Duas manchetes —uma internacional, outra
doméstica— dão o mote para uma coluna sobre a formação de governos em contextos
multipartidários. A primeira: "Alemanha finalmente escolhe o sucessor de
Merkel". Pela primeira vez o país terá uma "coalizão semáforo"
com três partidos: SPD, Verdes e Liberais (FDP). A segunda: "Minha
reeleição na Câmara não depende da reeleição de Bolsonaro, diz Lira".
Sob o parlamentarismo, a formação de governos tipicamente envolve acordos formais programáticos como também a divisão de pastas ministeriais, como mostrei neste espaço em 14/2. Nos casos em que não se formam maiorias, o governo continuará minoritário, mas alguns partidos fora da coalizão assinam acordo de não obstrução, garantindo a investidura.
O acordo tem 155 páginas e levou 32 dias
para ser forjado; deverá ser ratificado em convenções pelo SPD e FDP e pelos
afiliados dos Verdes. Ele estabelece uma repartição dos 16 ministérios: sete
para o SPD, cinco para os Verdes e quatro para o FDP. O FDP jogou mais uma vez
como kingmaker: com 11% das cadeiras, exigiu a pasta mais importante, a das
Finanças. A economia foi o pomo da discórdia, como em 2017, quando o FDP se
retirou da negociação depois de 171 dias por discordância sobre como
conduzi-la.
Sim, é claro que em sistemas
presidencialistas, o(a) chefe do Executivo não depende do Legislativo nem para
investidura no cargo nem para sobrevivência nele. Mas um divórcio completo só
emerge em casos excepcionais.

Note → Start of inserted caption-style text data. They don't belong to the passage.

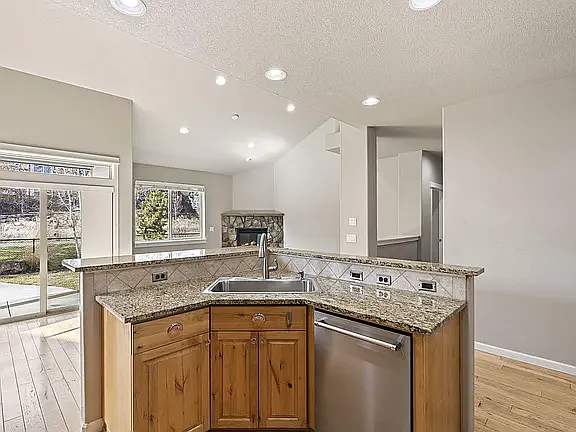 537 NW 28th St — Photo 10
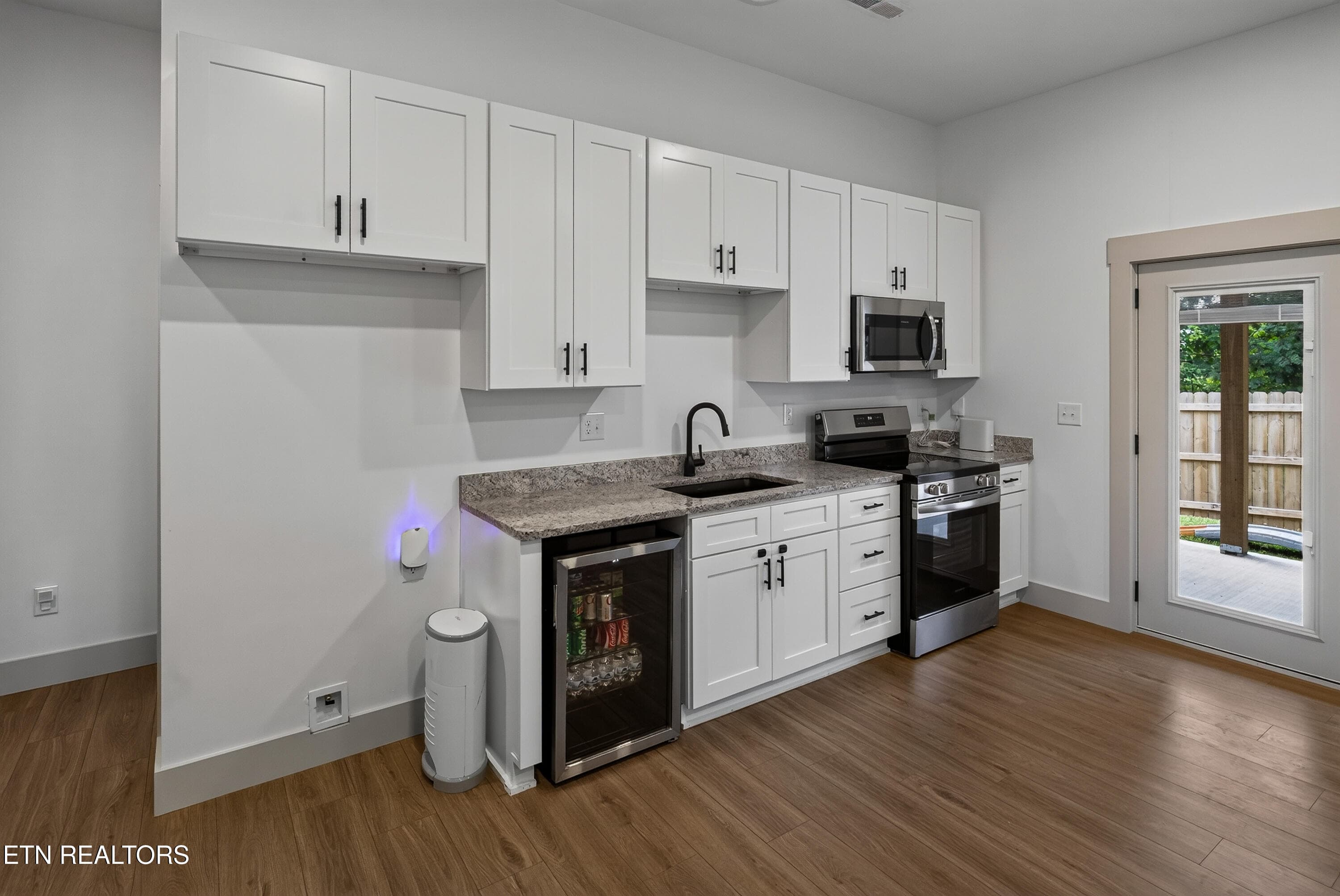 L40A5700 - 8011 Stone Hollow Drive, Knoxville, TN 37924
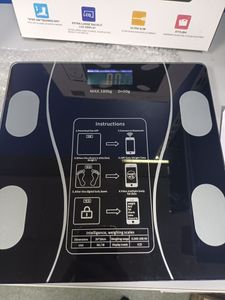Б/в Ваги електронні Без Виробника без моделі 01-200801426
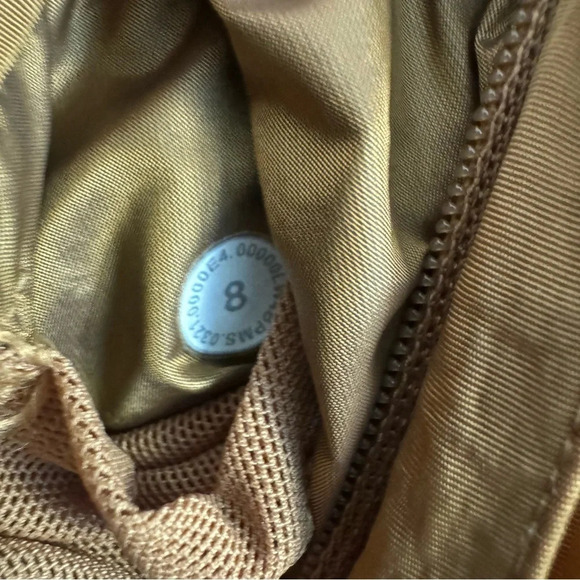 Lululemon Non-Stop Bomber Vest Bold Beige Size: 8 - Picture 7 of 7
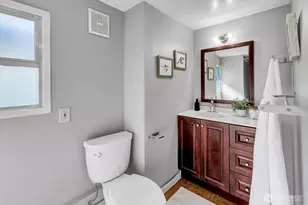 327 NE 55th St, Seattle, WA 98105 - Photo 27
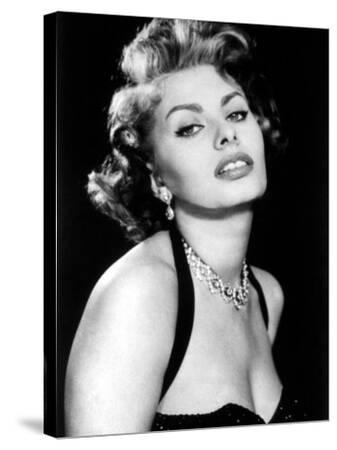 'Sultry Sophia Loren Publicity Pose Promotion for Pride and the Passion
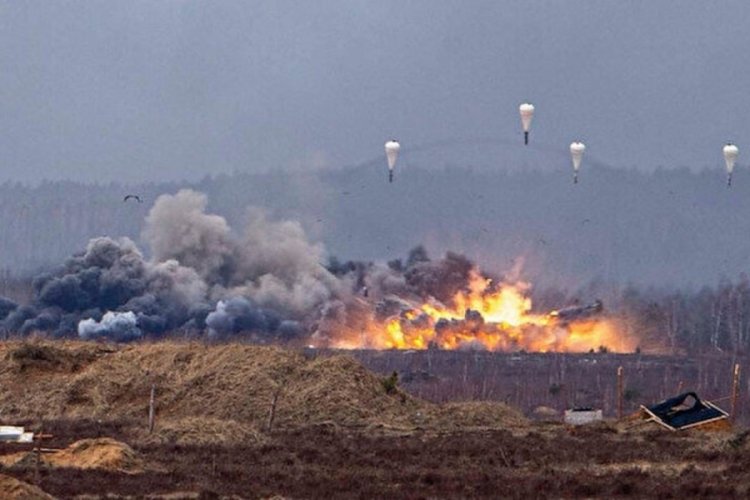 Rusya, Ukrayna'nın askeri deposunu vurdu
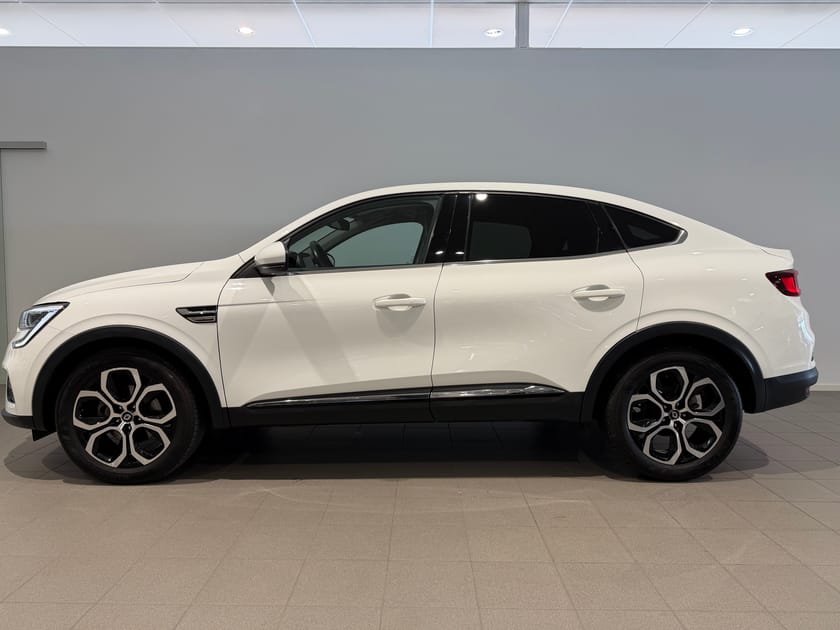 Bild 3 av Renault Arkana E-TECH 145 HEV Intens DCT / Farthållare / Parkerings sensorer fram och bak / Adaptiv farthållare / Navigering /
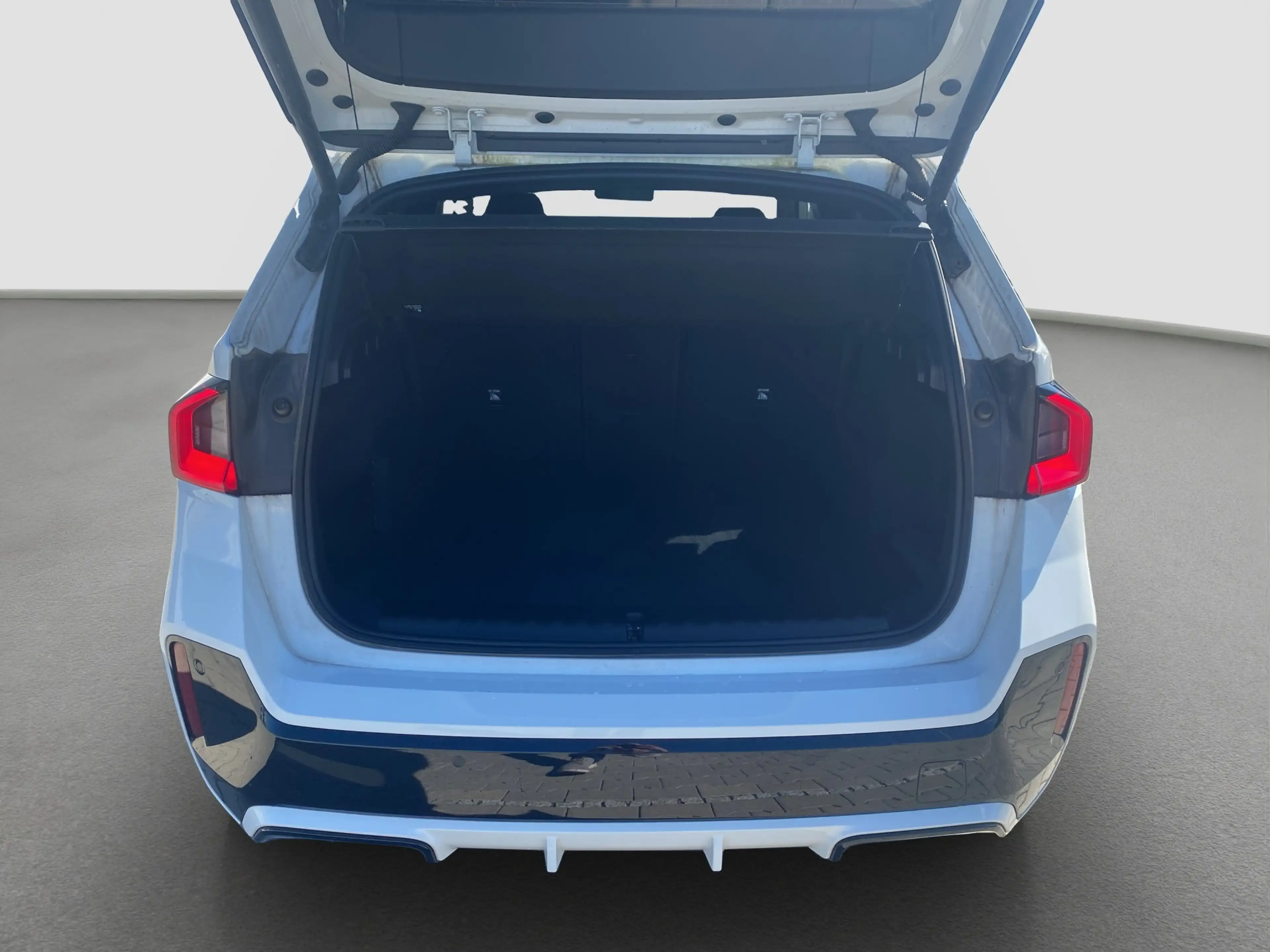 BMW X1 sDrive20i M-Sport ACC LED SpurAss 360° HUD — photo 10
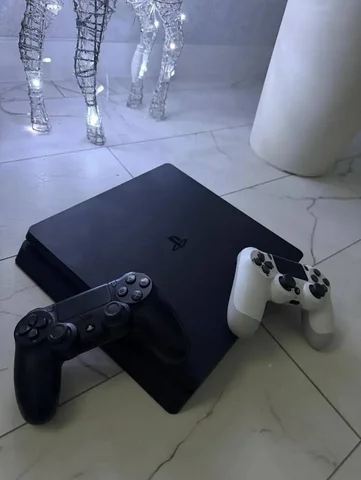 PlayStation 4 Slim 500ГБ с подписками и двумя геймпадами - частное объявление в Новосибирск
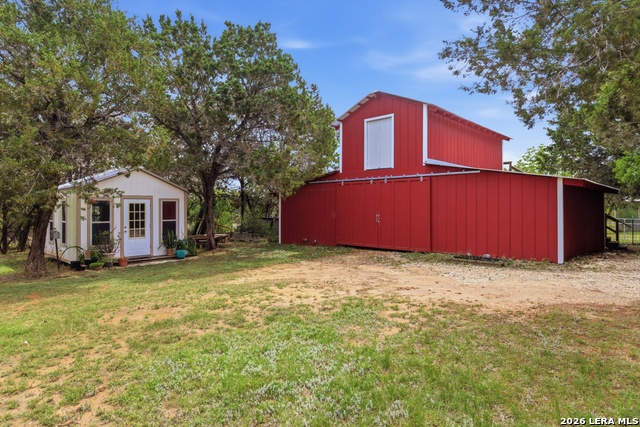 Image 37 of 66 For 707 Oak Ridge Ln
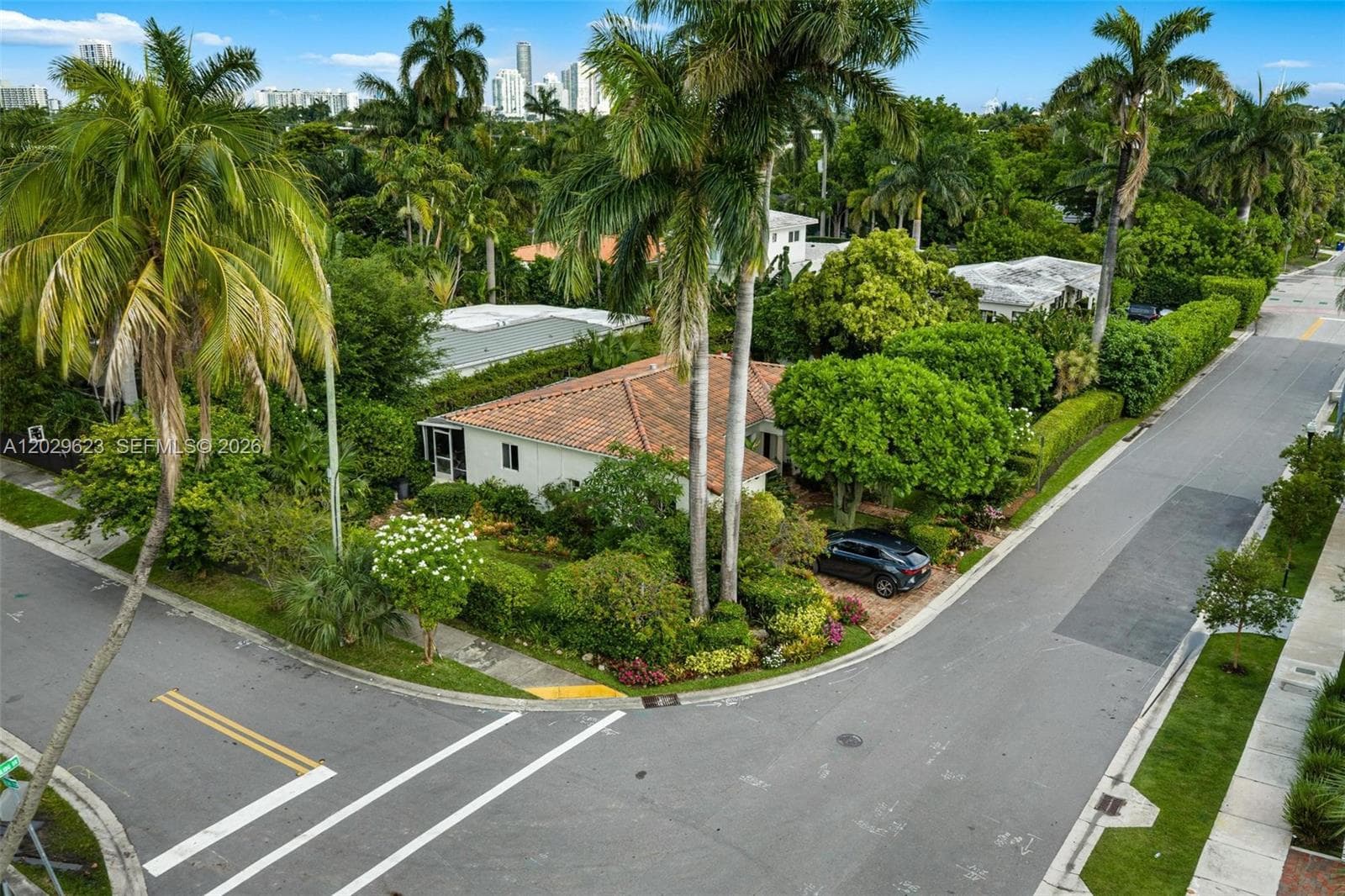 455 W Dilido Dr, Miami Beach FL 33139 — 29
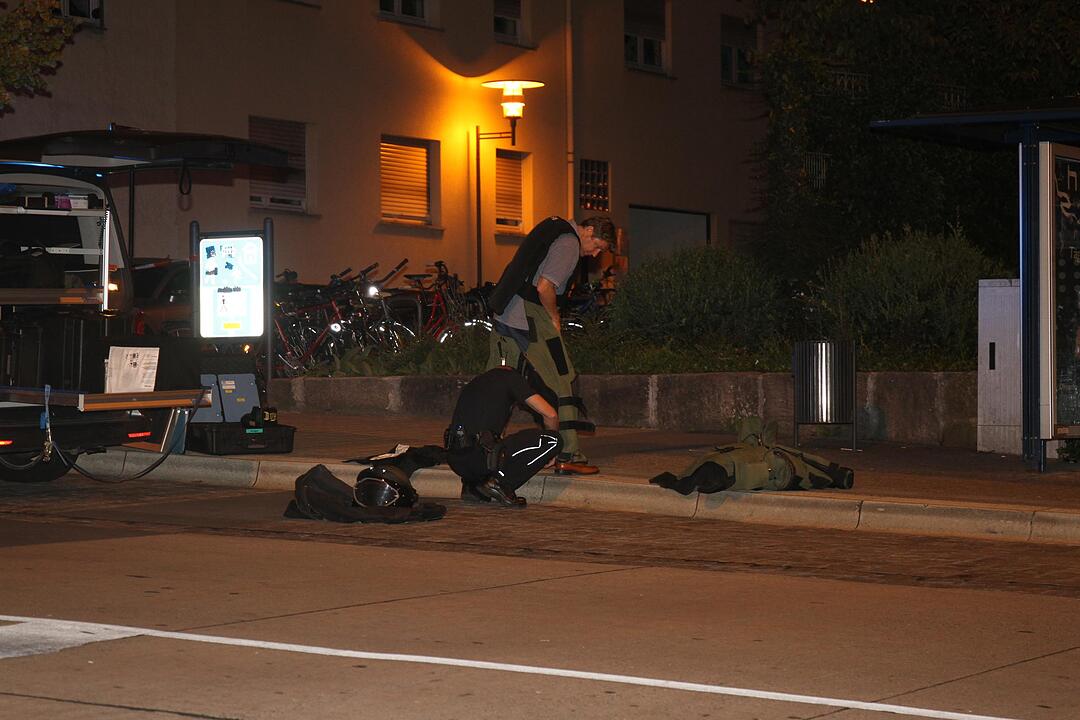 Polizeieinsatz mitten in der Nacht: Verdächtiger Gegenstand in Erlangen gefunden
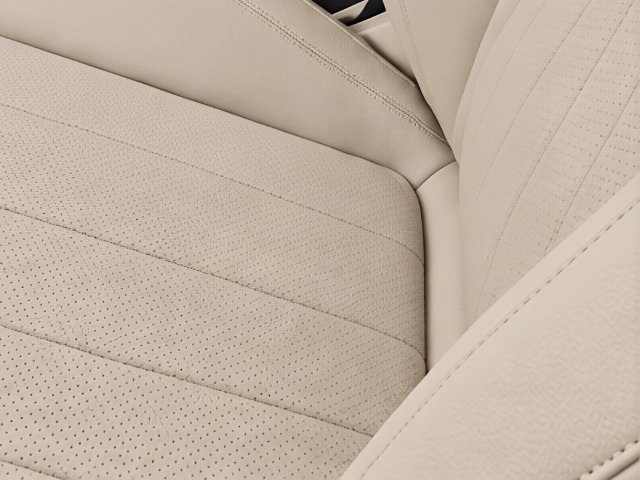 Certified 2023 Mercedes-Benz E 350 4MATIC Sedan image 27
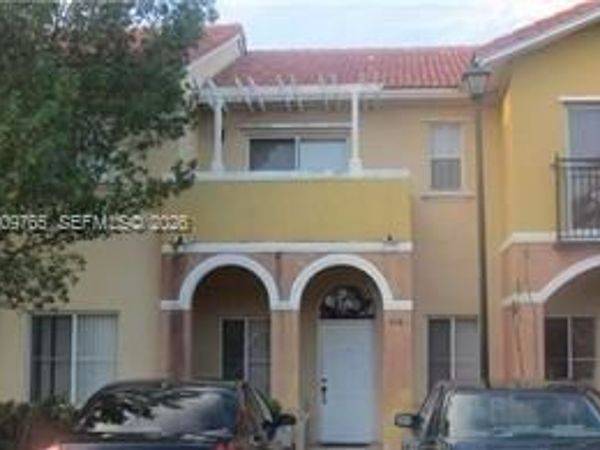 906 N Santa Catalina Cir , North Lauderdale, FL 33068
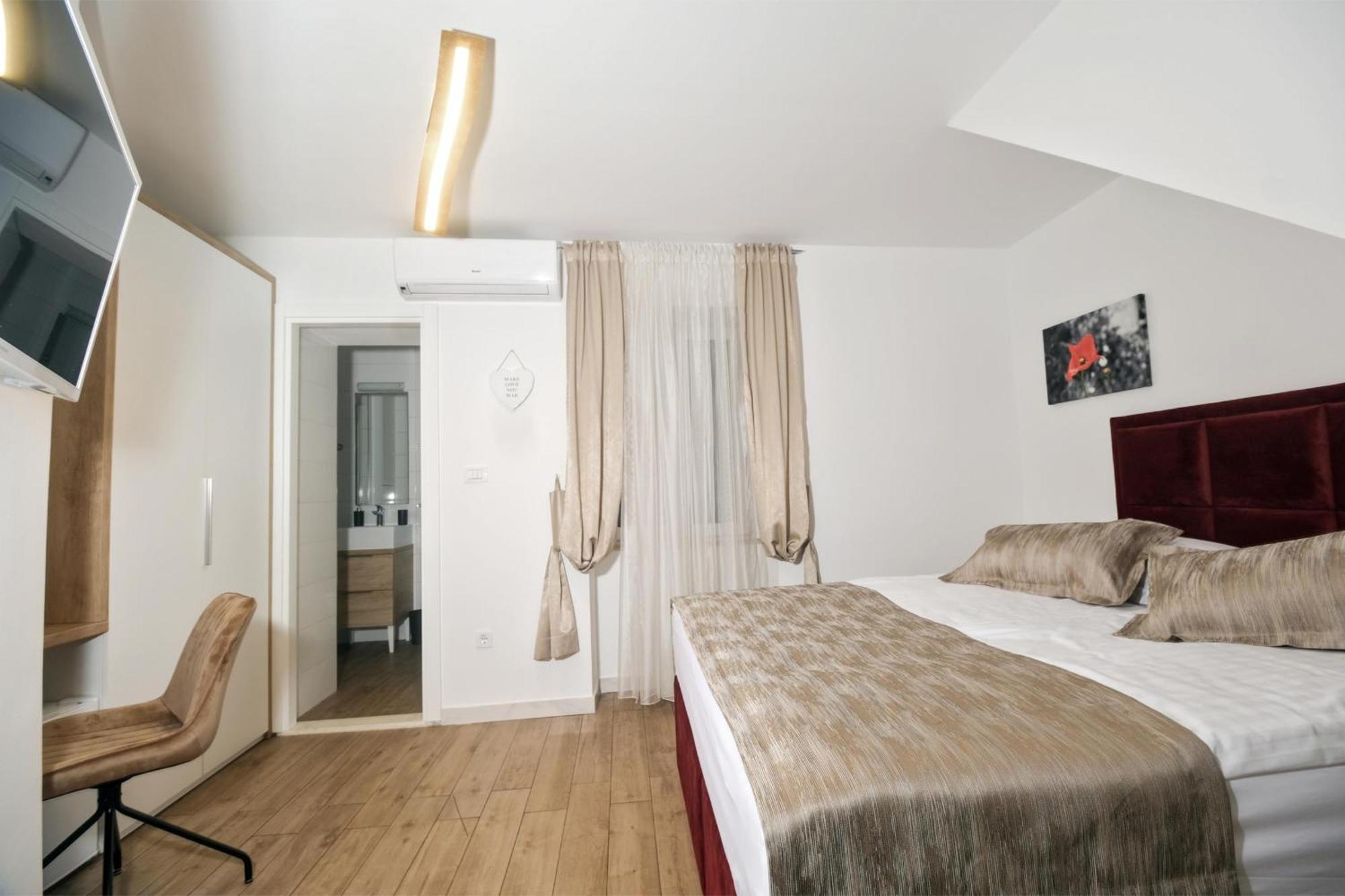 Guesthouse Bepa Split Exterior photo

Apenas quando o(a) presidente opta por governar
sem uma coalizão formal e sem uma agenda de governo é que o divórcio se
instala. Afinal, o Executivo dispõe de um arsenal de instrumentos para a
formação de maiorias, inclusive a distribuição do portfolio ministerial entre
os partidos que lhes dão sustentação parlamentar. Como na Alemanha.
A principal clivagem entre nós é governo
versus oposição; não é entre partidos. O presidente sequer tem partido, algo
inconcebível nas democracias.
A questão então é por que esses acordos têm
degenerado entre nós em arranjos predatórios e não estão ancorados em contratos
programáticos?
A explicação é obviamente complexa e há
muitas variáveis envolvidas, mas duas são fundamentais: os partidos e as
instituições de controle latu senso. Em democracias como a Alemanha, estas não
só punem os desmandos como têm efeito dissuasório sobre a prática de delitos.
Quando são efetivas, elas eliminam o chamado problema de ação
coletiva da corrupção: o incentivo à prática de atos ilícitos quando se
assume que todos os demais atores do jogo também o farão.
O pior dos mundos é quando postos destas
instituições entram na barganha política.